La plupart des adeptes de cette activité affirment que courir sans chaussures modifie complètement leur gestuelle. La foulée est plus courte, le nombre de pas par minutes augmente, la posture est plus relevée et l’avant du pied est posé au sol avant le talon. Que se passe-t-il avec la voûte plantaire? Les muscles de la voûte se renforcent et soutiennent mieux le pied.
Benno Nigg, un expert en biomécanique de la course au Laboratoire de la performance humaine à l’Université de Calgary est d’accord avec les conclusions des chercheurs qui prétendent que même si les souliers ont été perfectionnés au cours des dernières années, le taux de blessure n’a pas diminué. Pour un coureur, le meilleur soulier est toujours le plus confortable. Benno Nigg indique que la mode de la course nu pieds n’est pas nouvelle, pensons à Zola Budd dans les années 80, et il croit que la tendance de fabriquer des souliers moins volumineux est là pour rester.

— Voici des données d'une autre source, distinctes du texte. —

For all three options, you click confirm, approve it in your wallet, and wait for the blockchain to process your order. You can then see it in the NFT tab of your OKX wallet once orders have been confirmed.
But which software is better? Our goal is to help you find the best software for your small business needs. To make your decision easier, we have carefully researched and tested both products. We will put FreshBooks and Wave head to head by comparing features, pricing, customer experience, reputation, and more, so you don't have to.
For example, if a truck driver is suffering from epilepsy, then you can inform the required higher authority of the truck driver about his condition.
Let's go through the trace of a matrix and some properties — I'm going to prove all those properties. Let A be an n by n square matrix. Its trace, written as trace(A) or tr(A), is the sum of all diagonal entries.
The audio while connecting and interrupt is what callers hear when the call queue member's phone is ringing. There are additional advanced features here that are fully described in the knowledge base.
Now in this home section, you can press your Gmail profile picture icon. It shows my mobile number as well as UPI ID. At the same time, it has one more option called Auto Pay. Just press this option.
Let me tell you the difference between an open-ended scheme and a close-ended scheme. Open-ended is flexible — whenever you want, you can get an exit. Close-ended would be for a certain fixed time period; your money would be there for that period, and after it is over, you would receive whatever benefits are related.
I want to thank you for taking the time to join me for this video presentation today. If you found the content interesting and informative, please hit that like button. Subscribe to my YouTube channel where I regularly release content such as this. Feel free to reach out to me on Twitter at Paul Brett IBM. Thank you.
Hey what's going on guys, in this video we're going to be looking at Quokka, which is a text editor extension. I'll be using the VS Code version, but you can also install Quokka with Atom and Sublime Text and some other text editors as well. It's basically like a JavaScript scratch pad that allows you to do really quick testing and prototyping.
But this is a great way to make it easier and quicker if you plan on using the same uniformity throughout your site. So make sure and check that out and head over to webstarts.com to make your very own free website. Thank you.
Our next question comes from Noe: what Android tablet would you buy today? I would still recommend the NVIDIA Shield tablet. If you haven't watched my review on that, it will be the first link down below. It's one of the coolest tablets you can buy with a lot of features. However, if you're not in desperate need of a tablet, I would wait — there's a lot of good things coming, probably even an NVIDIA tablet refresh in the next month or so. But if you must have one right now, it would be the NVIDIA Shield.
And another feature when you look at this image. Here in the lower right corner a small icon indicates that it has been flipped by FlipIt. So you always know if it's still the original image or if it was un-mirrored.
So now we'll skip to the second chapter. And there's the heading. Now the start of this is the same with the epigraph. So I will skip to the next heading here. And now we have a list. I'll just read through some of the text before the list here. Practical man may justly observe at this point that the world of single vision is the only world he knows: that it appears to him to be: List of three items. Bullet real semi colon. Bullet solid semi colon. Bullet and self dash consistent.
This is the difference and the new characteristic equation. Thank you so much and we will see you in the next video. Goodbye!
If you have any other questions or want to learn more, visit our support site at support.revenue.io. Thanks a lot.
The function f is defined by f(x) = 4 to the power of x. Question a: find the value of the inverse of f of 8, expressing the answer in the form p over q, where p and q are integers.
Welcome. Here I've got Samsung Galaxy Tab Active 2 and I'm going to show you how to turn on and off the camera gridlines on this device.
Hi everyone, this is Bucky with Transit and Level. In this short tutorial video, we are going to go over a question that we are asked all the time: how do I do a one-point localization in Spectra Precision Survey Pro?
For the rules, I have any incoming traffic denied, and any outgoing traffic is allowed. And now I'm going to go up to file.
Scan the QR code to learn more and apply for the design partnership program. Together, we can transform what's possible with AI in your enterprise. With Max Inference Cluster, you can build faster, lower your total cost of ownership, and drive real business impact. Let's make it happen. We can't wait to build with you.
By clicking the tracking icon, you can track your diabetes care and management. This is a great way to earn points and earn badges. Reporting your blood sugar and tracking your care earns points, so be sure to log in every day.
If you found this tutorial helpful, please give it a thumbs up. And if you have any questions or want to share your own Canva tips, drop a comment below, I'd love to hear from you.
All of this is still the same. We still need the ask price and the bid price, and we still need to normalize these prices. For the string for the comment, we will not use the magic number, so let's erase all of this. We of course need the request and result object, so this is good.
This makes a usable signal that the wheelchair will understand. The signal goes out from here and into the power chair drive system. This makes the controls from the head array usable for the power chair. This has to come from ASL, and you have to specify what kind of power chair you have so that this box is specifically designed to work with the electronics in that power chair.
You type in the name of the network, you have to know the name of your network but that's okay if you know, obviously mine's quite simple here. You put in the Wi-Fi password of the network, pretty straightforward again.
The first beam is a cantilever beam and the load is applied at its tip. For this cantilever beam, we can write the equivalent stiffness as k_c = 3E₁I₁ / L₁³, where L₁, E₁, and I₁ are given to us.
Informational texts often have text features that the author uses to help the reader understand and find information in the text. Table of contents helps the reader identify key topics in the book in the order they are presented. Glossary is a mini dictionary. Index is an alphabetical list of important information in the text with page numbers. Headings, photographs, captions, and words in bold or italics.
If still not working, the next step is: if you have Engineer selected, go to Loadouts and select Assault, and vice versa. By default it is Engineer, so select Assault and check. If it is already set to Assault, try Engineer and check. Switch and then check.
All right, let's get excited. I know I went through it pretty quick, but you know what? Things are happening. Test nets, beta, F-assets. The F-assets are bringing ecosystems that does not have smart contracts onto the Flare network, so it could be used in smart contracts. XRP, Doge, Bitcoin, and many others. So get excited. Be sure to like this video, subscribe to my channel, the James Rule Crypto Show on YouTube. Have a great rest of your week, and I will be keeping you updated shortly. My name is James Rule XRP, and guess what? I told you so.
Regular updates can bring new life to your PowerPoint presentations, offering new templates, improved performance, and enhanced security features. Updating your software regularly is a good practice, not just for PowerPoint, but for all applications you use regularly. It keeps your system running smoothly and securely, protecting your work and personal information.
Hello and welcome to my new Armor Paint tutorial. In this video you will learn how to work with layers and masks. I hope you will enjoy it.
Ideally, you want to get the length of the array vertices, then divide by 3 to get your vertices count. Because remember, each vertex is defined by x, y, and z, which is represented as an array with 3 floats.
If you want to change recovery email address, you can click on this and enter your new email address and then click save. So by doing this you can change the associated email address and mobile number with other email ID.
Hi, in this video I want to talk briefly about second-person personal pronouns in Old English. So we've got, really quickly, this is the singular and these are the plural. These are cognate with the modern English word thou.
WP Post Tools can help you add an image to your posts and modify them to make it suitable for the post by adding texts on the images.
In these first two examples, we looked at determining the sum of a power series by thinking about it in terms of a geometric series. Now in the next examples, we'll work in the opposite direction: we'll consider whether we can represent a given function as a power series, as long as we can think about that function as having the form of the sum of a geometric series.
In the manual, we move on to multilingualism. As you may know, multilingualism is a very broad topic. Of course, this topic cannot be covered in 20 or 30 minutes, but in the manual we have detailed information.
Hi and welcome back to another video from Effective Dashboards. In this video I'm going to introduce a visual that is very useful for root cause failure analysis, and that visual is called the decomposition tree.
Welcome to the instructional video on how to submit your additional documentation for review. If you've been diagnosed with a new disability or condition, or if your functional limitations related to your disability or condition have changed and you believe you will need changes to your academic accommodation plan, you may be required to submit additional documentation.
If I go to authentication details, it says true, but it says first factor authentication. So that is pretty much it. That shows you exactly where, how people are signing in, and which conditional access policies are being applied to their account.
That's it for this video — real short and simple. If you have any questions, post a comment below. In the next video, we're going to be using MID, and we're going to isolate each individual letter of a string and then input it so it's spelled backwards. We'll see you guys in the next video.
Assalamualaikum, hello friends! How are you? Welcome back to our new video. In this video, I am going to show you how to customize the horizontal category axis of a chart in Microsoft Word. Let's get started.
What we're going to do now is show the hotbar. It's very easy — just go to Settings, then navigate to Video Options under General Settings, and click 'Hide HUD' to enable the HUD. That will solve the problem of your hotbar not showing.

Si vous êtes intéressés d’aller sur les sentiers sans chaussures, effectuez la transition en douceur. Faites une course d’échauffement avant de commencer, conseillent Craig Richards et Thomas Hollowell, transportez une trousse de premiers soins et n’allez pas dans les endroits où l’on épand du sel et du gravier durant l’hiver. Dans ce cas, portez au moins des souliers minimalistes. Attendez-vous à des courbatures aux muscles qui n’auront pas été sollicités antérieurement et demandez à un physiothérapeute de vous conseiller des exercices d’étirement et d’échauffement spécifiques. Et n’oubliez pas que les durs de dur qui courent nu pieds sous zéro ont mis plusieurs années à habituer leurs pieds.
Katie Kift a dernièrement franchi une autre étape, s’adonnant à la natation en vue de faire des triathlons: satisfaite, elle affirme que la course pieds nus lui a donné une meilleure assurance.